Earlier this year, The New York Times published an article entitled, Global Warming’s Toll on Coral Reefs: As if They’re ‘Ravaged by War.’ It stated:
Large-scale coral bleaching events, in which reefs become extremely fragile, were virtually unheard-of before the 1980s.
That’s the typical “party line” when it comes to those who don’t want to study the issue of global warming seriously. Something bad is happening now, it hardly ever happened in the past, and if we don’t do something about it soon, we are all going to die. Not surprisingly, it just isn’t true.
A recent study examined cores taken from corals in the Great Barrier Reef. These cores exhibit layers, and based on the way corals grow today, they can be interpreted as annual layers. Like counting tree rings, then, you can count coral layers and determine what year the layer formed.

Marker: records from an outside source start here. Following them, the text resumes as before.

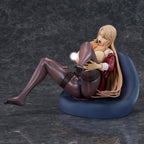 Hypnotic Guidance - Reika Kurashiki Illustration by Rikujou Aijou Figur – Bild 9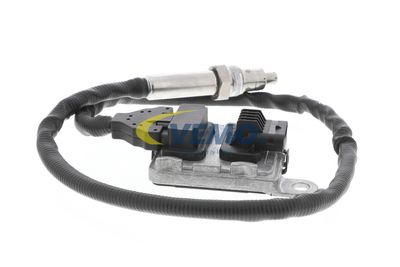 NOX-SENSOR NOX-KATALYSATOR VEMO V30720913 37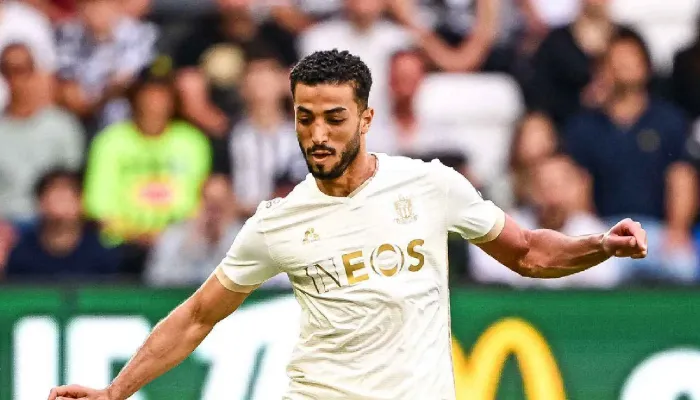 رد حاسم من الأهلي بشأن عودة محمد عبد المنعم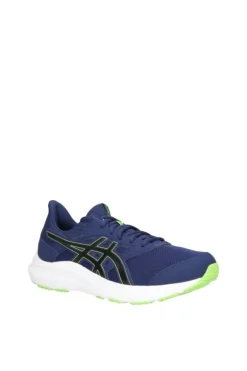 Asics Jolt 4 11b603 406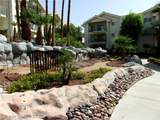 3550 Bay Sands Drive - Photo 33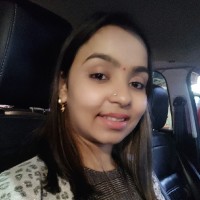 Dr Priya Soni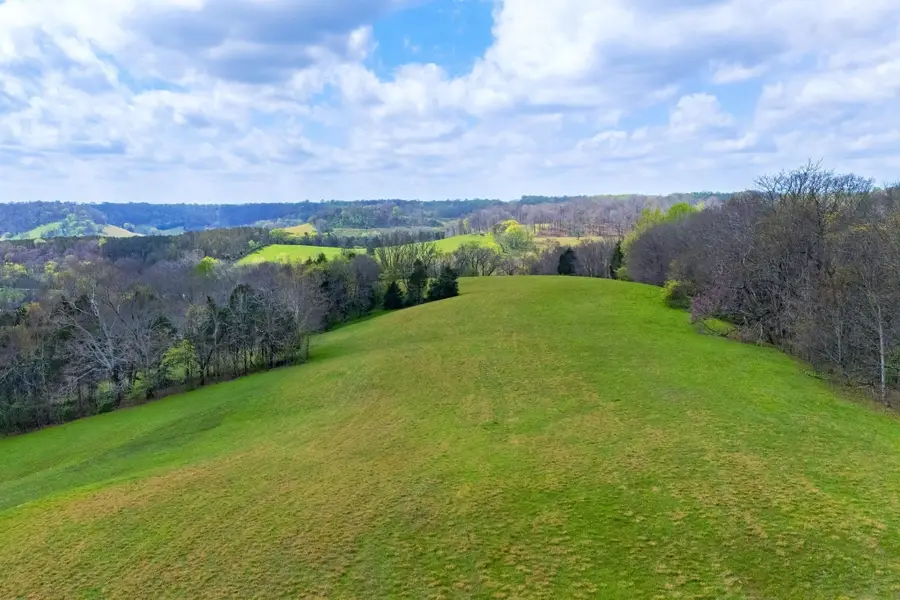 2882 Yokley Rd, Lynnville, TN 38472 - #3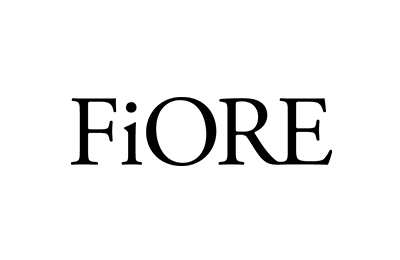 Fiore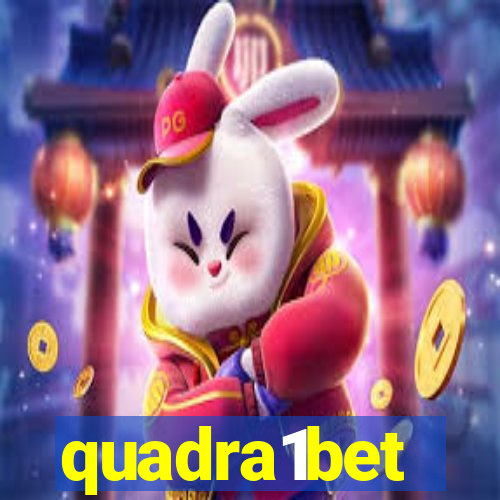 quadra1bet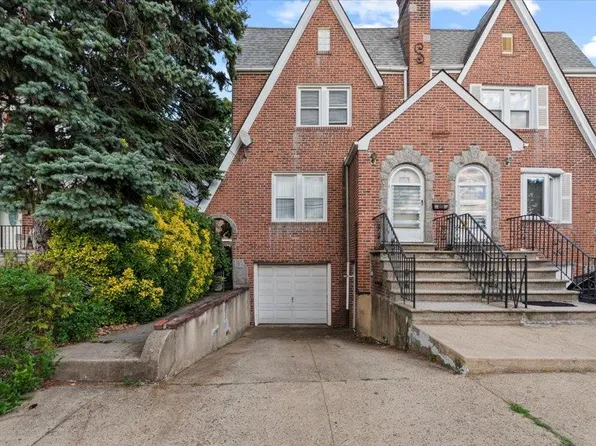 2344 Tiemann Avenue, Bronx, NY 10469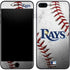 MLB Tampa Bay Rays Game Ball iPhone 7 Plus Skin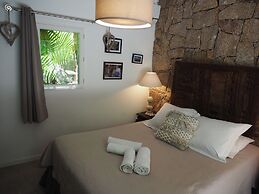 Maranatha Porto Vecchio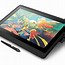 Image result for Cintiq 14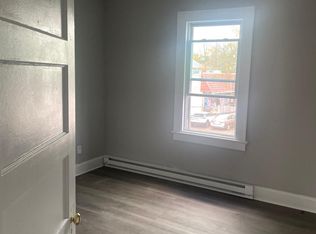 37 Main St #3, Monsey, NY 10952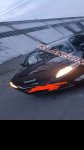 продам Ford Mondeo в пмр  фото 2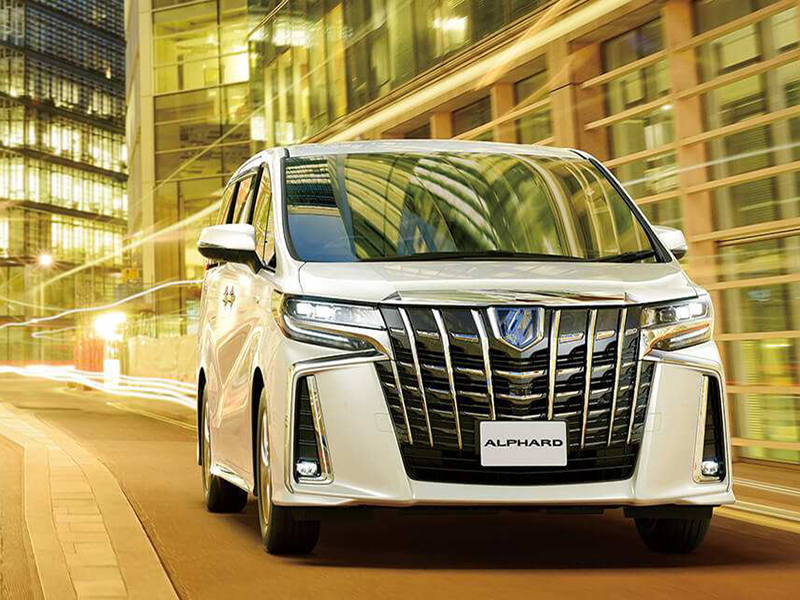 这些车保值率高得惊人！最高的开一年卖出去还能赚钱？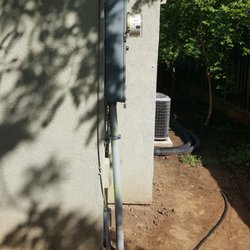 JC Electrical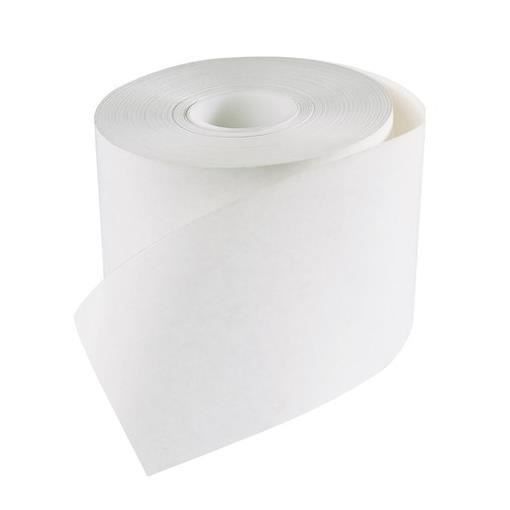 Zebra Z-Perform 1000D 60 Receipt - Non rivestita - 60 micron - Rotolo (7,54 cm …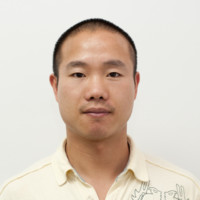 Jay Liao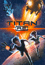 Titan A. E. DVD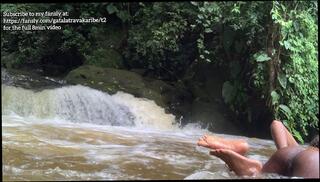 Video 1664452373: solo masturbation feet, trans girl solo masturbation, amateur girl solo masturbation, solo masturbation big dick, solo masturbation handjob, solo public masturbation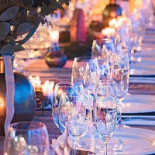 Best Western Scheele Dryck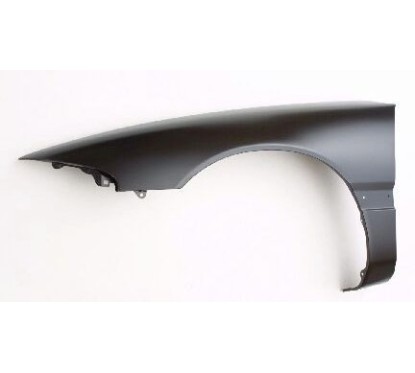 Parafango anteriore sinistro Eclipse -92 NDH0111201 - 10-NDH0111201 - 10-NDH0111201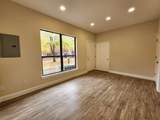 504 Autumn Springs Ct D29 - Photo 3
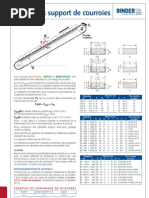 Mazak General Information Manual - CGENGA0015E.pdf 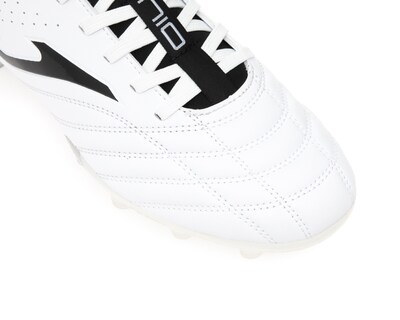 Foto 6 | Taquetes para Futbol Joma para Hombre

While the annual interpretation gets less and less certain the farther you go back in time, it is at least a reasonable way to estimate what was happening to corals in the past.
The authors of the study examined these layers, looking at the year-to-year changes in the rate at which the corals lengthened. Since bleaching events affect coral growth rates, it is reasonable to think that changes in lengthening rates would indicate bleaching events in the past. They used known bleaching events to “calibrate” their analysis, seeing what changes occurred in the cores during observed bleaching events in the past. They then looked at the cores going back almost 300 years.
What the authors found is only surprising to people who read The New York Times and similar sources. They found that coral bleaching events were not at all uncommon throughout the past 300 years, and they were probably more frequent in the past. In fact, they were most frequent in the 1890s and 1740s. The authors also looked at how many corals experienced bleaching in these events. The record was set in the 1850s, with the 1740s, 1670s, and 1690s in a dead heat for second place. Based on their analysis, there is nothing unusual happening currently when it comes to coral bleaching.
It is really common for people to see something unusual happening today and claim that such things are being caused by recent human activity. While that can make for good politics, it makes for lousy science.